渡された閃光弾を手に持って魔力を込めると、閃光弾に魔力が伝わり少し熱くなる。

ライニさん特製の道具は魔力で起爆する方式が取られるため、魔力を感知して誘爆しやすいが、性能はピカイチ。


パキッ


閃光弾内部から魔力によって起爆スイッチとなる板が折れる音が聞こえ、閃光弾を穴の中に投げ入れて背を向ける。

一瞬で穴が明るくなって爆音が鳴り、数秒して振り返ると土煙は上がっているが、洞窟は再び暗闇に包まれている。


その暗闇から大口を開けて飛び出す大蜥蜴。

気づくのが遅れていれば確実にぶつかっていただろうスレスレでその突進を避けた。


「キェーーーー!」


奇声をあげる大蜥蜴。

2メートルと聞いていた大蜥蜴は、明らかに4メートルはある超大物で、黒く光る鎧のような革には禍々しさすら感じる。


その姿を背に来た道を走りはじめる。

鳴らないように留めていた「魔物呼びの鈴」を留め具から外す。親指ほどの大きさしかない鈴は、硬い石の玉と器でできているためザリザリと言う石が擦れる音しかしないが、これが気の立った魔物を煽るには抜群で、大蜥蜴は自分についてくる。


思いっきり指笛を吹く。


大蜥蜴を呼んだ合図と同時に、自分が囮になったことを知らせる合図。

戻る道は誘い込みやすいようにライニさんとミレニアさんが魔法で少し整えてくれた。それに穴から出れば射線が通る。


大蜥蜴の体に3発の矢が刺さる。


奇声ではない声をあげる大蜥蜴。

だが大蜥蜴はひるまずにこちらに突進してきた。だが、次の矢は大蜥蜴の後ろ足に刺さって爆ぜ、大蜥蜴の足が止まる。

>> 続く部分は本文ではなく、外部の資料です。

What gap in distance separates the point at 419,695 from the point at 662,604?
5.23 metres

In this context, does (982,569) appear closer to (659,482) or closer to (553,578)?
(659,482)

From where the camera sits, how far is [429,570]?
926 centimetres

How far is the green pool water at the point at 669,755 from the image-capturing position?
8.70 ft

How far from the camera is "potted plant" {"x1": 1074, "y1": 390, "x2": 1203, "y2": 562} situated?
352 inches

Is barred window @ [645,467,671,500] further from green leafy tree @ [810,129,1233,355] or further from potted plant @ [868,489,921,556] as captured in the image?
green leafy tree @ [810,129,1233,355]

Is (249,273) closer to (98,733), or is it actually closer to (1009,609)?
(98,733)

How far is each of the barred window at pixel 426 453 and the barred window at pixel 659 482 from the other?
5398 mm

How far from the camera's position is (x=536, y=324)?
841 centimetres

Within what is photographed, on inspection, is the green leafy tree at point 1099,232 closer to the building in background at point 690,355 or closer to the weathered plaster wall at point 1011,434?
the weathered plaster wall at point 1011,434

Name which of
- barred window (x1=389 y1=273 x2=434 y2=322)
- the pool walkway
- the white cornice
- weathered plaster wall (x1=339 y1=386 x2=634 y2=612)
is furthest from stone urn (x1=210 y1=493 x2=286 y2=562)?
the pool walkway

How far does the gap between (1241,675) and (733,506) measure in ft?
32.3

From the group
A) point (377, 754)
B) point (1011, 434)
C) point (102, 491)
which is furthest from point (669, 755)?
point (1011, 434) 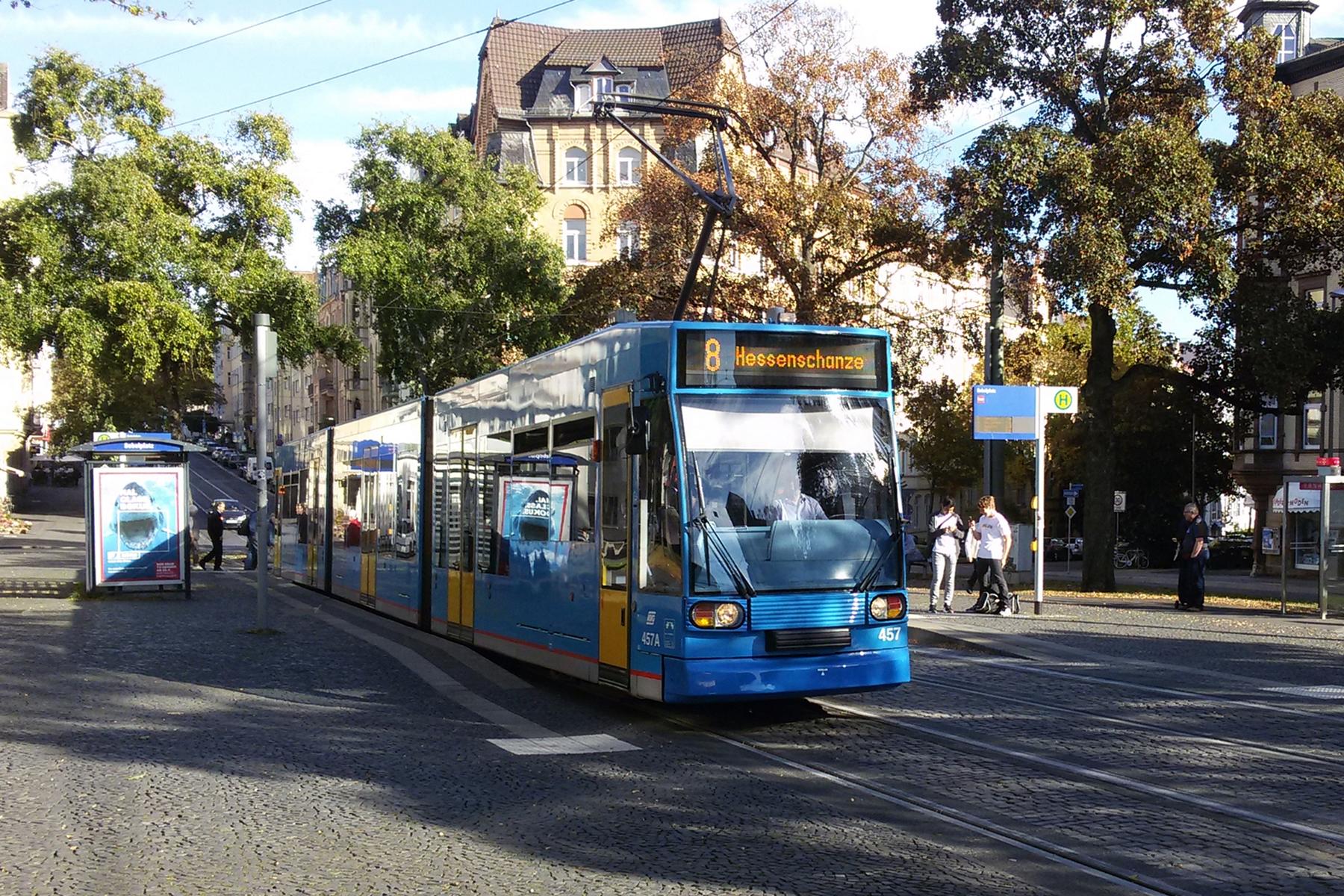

そして走る自分の横、ライニさんと大剣を手にしたバオさんとすれ違う。

背後から感じるライニさんの炎魔法の熱と、何かが潰れるような音と大蜥蜴の断末魔。


道の先にはミレニアさんが笑顔で立っていた。

ミレニアさんの目の前で止まり、息を整えるとミレニアさんがハイタッチを求めてきたので、手を合わせた。